▸ TASK TO COMPLETE
Within the material below, transcribe exactly the lines from the one holding "بالصور – الكلاسيكو" through the one holding "MK東武練馬(1LDK/2階)", keeping both ends and skipping the rest.

▸ EXTRACTED DATA
○ ○ ○ ○ ○ ○ ○

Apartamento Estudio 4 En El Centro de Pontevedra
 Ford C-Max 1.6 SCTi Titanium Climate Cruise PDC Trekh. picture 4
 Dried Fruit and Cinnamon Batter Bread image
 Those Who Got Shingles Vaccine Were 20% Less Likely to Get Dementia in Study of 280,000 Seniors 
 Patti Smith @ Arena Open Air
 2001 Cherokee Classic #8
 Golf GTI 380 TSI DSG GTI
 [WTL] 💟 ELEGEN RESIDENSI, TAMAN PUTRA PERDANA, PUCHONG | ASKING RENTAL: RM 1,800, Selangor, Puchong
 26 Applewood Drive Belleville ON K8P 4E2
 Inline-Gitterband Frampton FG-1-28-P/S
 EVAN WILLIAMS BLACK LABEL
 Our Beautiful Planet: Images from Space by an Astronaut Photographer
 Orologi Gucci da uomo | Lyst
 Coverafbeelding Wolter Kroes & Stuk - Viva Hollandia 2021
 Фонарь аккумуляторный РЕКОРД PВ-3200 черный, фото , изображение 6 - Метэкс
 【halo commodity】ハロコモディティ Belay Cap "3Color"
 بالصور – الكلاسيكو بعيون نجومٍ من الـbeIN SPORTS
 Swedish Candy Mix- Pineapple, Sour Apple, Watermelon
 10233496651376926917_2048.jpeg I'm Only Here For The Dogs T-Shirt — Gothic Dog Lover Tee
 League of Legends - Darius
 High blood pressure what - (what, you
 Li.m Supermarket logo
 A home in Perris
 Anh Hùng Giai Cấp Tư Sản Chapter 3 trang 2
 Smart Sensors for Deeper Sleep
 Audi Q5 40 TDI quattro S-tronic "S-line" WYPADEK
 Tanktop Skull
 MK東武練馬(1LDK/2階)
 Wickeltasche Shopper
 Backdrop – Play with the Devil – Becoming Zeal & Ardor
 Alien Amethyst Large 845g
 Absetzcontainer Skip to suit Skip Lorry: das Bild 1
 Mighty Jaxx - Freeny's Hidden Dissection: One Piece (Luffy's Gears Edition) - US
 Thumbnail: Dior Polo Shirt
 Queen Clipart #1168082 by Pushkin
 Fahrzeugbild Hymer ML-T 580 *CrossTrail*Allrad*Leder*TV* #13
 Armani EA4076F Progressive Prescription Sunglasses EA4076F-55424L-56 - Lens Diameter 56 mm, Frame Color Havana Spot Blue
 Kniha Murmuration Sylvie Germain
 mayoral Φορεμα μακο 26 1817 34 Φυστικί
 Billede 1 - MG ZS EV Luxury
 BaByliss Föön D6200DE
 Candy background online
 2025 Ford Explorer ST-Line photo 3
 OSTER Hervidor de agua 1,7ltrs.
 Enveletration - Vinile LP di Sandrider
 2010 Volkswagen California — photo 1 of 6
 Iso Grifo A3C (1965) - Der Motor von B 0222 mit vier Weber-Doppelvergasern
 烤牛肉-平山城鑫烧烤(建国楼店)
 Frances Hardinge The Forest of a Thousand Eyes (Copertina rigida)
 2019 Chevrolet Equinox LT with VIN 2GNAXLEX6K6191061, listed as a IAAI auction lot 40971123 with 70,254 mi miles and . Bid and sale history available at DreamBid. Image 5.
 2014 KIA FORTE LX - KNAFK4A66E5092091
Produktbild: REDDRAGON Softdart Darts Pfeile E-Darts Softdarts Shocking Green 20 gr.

○ ○ ○ ○ ○ ○ ○

▸ REPLY TO THE TASK
 بالصور – الكلاسيكو بعيون نجومٍ من الـbeIN SPORTS
 Swedish Candy Mix- Pineapple, Sour Apple, Watermelon
 10233496651376926917_2048.jpeg I'm Only Here For The Dogs T-Shirt — Gothic Dog Lover Tee
 League of Legends - Darius
 High blood pressure what - (what, you
 Li.m Supermarket logo
 A home in Perris
 Anh Hùng Giai Cấp Tư Sản Chapter 3 trang 2
 Smart Sensors for Deeper Sleep
 Audi Q5 40 TDI quattro S-tronic "S-line" WYPADEK
 Tanktop Skull
 MK東武練馬(1LDK/2階)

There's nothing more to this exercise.